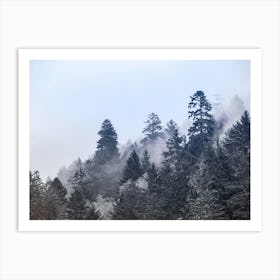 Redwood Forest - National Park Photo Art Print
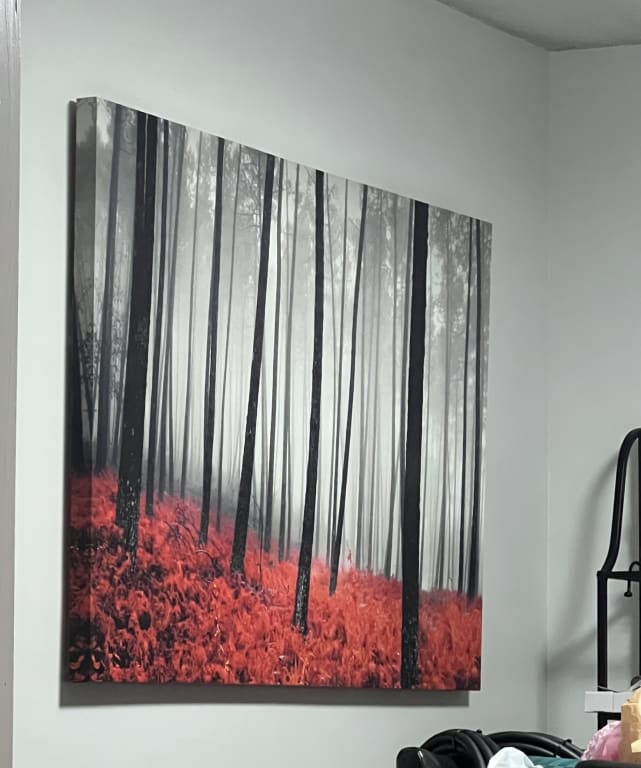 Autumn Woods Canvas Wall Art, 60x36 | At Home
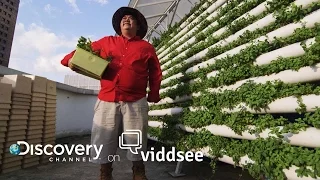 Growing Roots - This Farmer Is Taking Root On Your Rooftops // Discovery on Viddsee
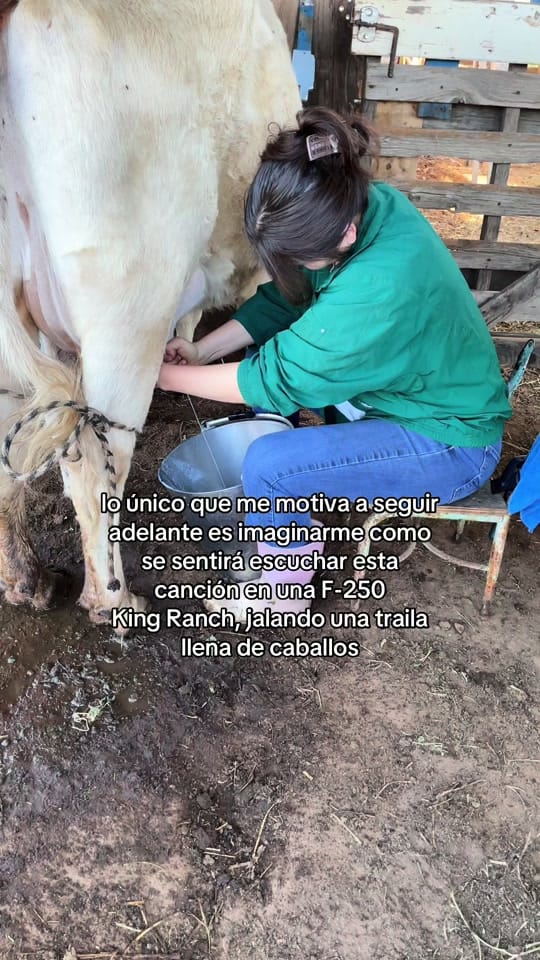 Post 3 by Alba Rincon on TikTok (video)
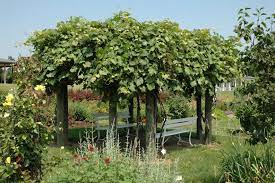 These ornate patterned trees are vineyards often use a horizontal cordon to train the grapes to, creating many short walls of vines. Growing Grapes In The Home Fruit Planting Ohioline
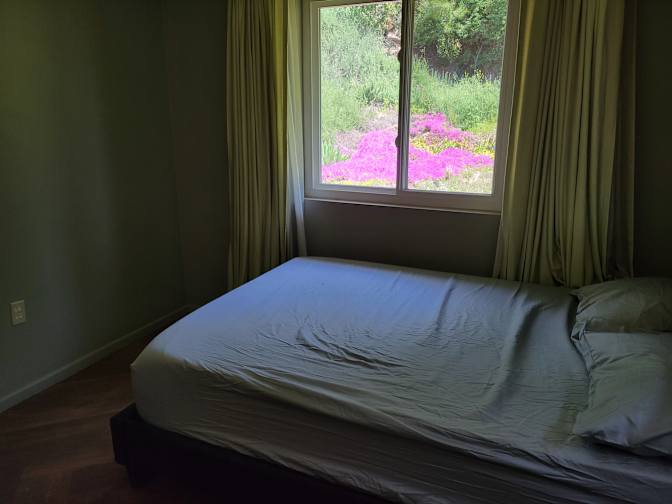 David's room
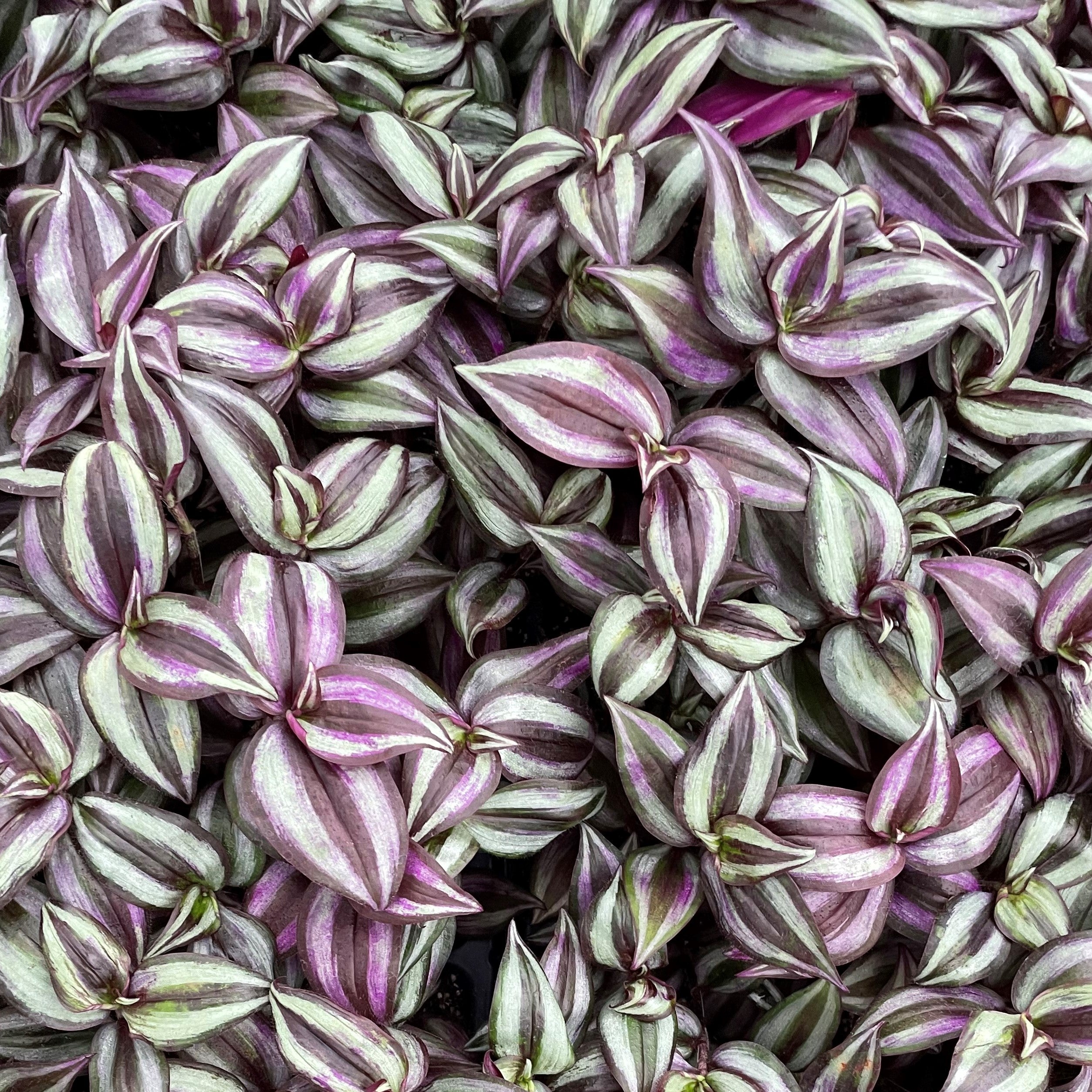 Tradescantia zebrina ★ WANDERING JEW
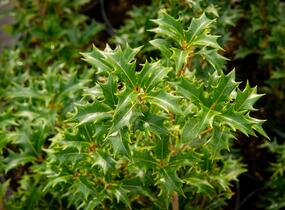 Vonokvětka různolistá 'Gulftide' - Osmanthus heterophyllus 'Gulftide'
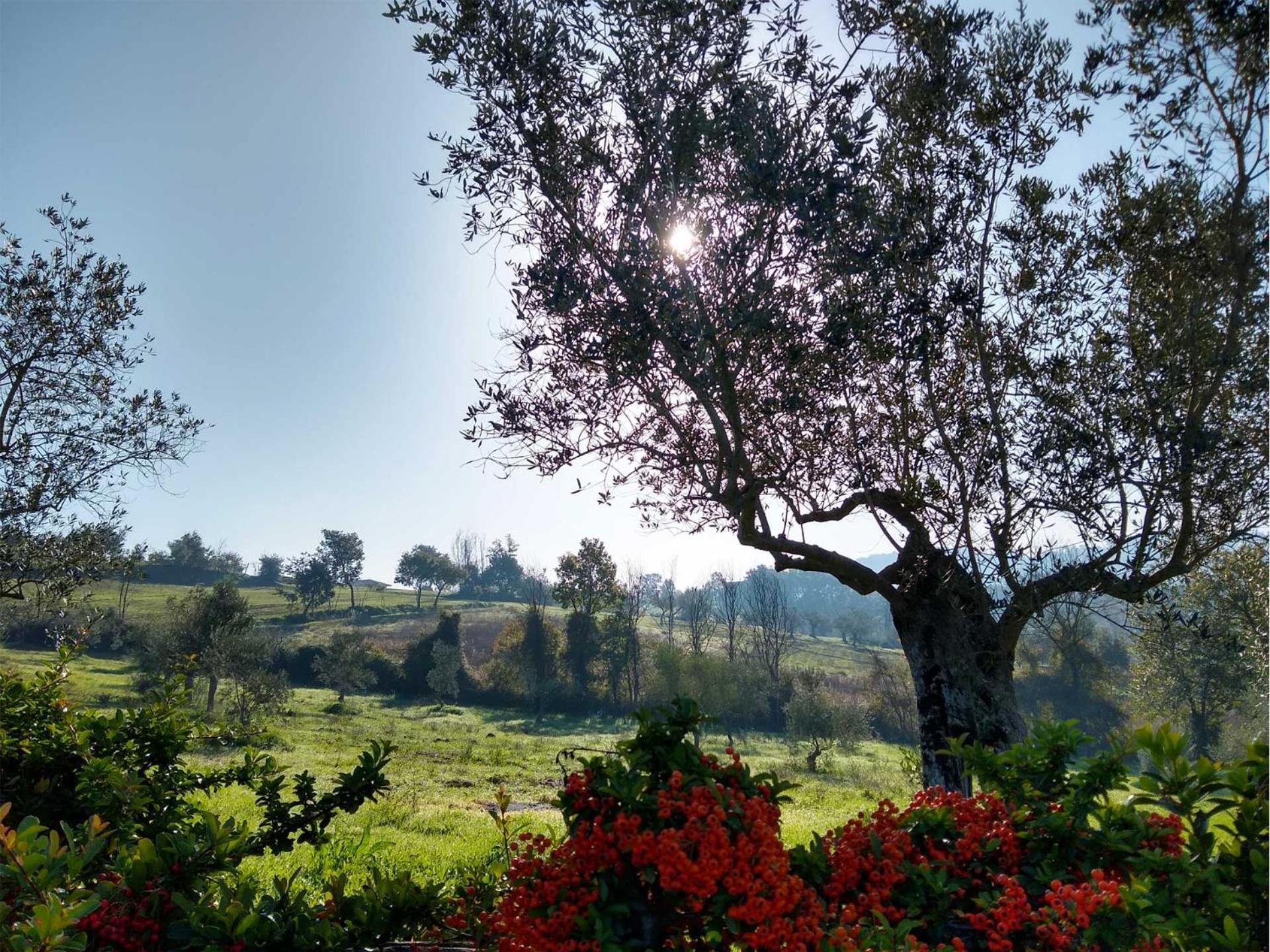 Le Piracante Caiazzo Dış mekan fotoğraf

◇ ◇ ◇

_ABOUT THIS EXERCISE_
Only the pictures should be left out; the rest of the material above must be repeated exactly.

_THE ANSWER_
 Redwood Forest - National Park Photo Art Print
 Autumn Woods Canvas Wall Art, 60x36 | At Home
 Growing Roots - This Farmer Is Taking Root On Your Rooftops // Discovery on Viddsee
 Post 3 by Alba Rincon on TikTok (video)
 These ornate patterned trees are vineyards often use a horizontal cordon to train the grapes to, creating many short walls of vines. Growing Grapes In The Home Fruit Planting Ohioline
 David's room
 Tradescantia zebrina ★ WANDERING JEW
 Vonokvětka různolistá 'Gulftide' - Osmanthus heterophyllus 'Gulftide'
 Le Piracante Caiazzo Dış mekan fotoğraf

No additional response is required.